II. Combining Light Therapies

To promote user compliance with BLT over the long term, Applicant discloses herein approaches for synergistically combining BLT with other light therapies. Such synergistic combinations include combining BLT with (1) circadian cycle light therapy, (2) non-circadian light stimulation, and (3) neuropsin stimulation.


(1) Circadian Cycle Light Therapy

Aside from degradation of gamma waves in the brain, the destruction of circadian rhythms may also contribute to AD. In approximately 45% of Alzheimer's patients, circadian rhythm problems and sleep disruptions have been recorded, where a bidirectional association between sleep and Alzheimer's disease is suggested, with sleep abnormalities serving as either a marker for AD pathology or a mechanism mediating increased risk of the disease. Therefore, in one embodiment, in addition to stimulating gamma brainwaves, regulating the circadian cycle of AD patients may also be useful. (It should be understood, however, that the gamma entrainment function and the circadian rhythm moderation function of the present system may be used to treat others, outside of AD patients.)

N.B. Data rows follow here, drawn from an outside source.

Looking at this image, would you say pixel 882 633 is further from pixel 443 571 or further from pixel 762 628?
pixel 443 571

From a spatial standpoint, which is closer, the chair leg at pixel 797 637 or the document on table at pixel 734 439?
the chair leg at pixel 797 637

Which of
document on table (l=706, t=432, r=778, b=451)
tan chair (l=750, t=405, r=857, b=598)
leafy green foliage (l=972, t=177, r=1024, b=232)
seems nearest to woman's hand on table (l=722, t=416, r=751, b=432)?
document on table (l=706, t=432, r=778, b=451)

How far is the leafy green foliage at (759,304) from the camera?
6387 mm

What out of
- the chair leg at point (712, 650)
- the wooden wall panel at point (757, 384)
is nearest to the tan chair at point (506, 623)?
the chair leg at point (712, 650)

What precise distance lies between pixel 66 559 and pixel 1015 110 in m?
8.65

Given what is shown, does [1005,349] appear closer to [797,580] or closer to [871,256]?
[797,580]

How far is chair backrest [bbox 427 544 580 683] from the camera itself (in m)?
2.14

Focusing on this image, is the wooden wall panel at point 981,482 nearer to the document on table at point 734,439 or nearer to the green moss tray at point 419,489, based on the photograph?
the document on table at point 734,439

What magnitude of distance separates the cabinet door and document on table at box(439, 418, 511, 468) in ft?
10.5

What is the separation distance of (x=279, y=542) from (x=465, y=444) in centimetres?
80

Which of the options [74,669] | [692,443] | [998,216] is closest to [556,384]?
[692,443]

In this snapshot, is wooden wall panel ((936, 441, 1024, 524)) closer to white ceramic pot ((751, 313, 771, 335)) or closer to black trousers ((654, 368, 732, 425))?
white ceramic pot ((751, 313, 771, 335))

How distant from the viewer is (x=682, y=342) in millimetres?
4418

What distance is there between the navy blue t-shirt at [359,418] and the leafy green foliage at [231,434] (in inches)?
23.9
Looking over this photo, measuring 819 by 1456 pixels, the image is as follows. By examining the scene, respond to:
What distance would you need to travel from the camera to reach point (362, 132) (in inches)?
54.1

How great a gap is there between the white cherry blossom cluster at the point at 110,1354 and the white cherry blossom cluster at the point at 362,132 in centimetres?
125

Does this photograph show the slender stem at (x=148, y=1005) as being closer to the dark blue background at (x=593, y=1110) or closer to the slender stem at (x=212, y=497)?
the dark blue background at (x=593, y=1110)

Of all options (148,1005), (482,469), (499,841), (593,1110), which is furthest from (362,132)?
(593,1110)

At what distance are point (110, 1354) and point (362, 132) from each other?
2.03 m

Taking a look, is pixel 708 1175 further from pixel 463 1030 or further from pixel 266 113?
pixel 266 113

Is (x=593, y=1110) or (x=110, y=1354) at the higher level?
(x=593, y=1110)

Applicant recognizes that it is possible to alter both circadian rhythms and brainwave activity using light entering the eye. Further, it is possible to do both at the same time without one compromising the other. As a simple example, flickering blue light maybe used during the portion of the circadian cycle when circadian input is desirable (‘day’) and flickering red light may be used when circadian input should be avoided (‘night’).


In one embodiment, the BTL and circadian cycle light therapy are coordinated. For example, in one embodiment, during “day,” a high circadian stimulation light may be used while the BLT may target gamma waves. Such an embodiment would have the effect of stimulating the patient. In another embodiment, during “night,” a low circadian stimulation light may be used, while the BLT targets theta waves. Such an embodiment would have the effect of relaxing the patient. Still other combinations of circadian stimulation light and BLT will be obvious to those of skill he art in light of this disclosure.


Accordingly, in one embodiment, the system of the present invention is designed to support both circadian rhythms and BLT. For entrainment purposes, in one embodiment, it features a steady state light combined with a pulsing light. The combination of steady light with pulsing light is intended to improve the usability of the system. As mentioned above, a flickering light can be aversive, but with the addition of a continuously emitting light source, the oscillating effect of a light can be muted. It is important that any light therapy system be non-obtrusive. Preferably the light should even induce patients to look at it. AD patients can be difficult to treat because they do not understand what is happening. It is therefore important that any intervention be sufficiently acceptable that they do not try to avoid or stop it. This is a common problem with goggle-type interventions.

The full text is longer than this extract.